Every record below should appear in your answer, copied exactly.
====================
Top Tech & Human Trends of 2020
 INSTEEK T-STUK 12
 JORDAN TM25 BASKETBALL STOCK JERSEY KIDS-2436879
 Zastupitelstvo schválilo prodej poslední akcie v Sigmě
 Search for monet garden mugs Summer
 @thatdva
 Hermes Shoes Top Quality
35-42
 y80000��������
====================
● RESPONSE TO THIS TASK
Top Tech & Human Trends of 2020
 INSTEEK T-STUK 12
 JORDAN TM25 BASKETBALL STOCK JERSEY KIDS-2436879
 Zastupitelstvo schválilo prodej poslední akcie v Sigmě
 Search for monet garden mugs Summer
 @thatdva
 Hermes Shoes Top Quality
35-42
 y80000��������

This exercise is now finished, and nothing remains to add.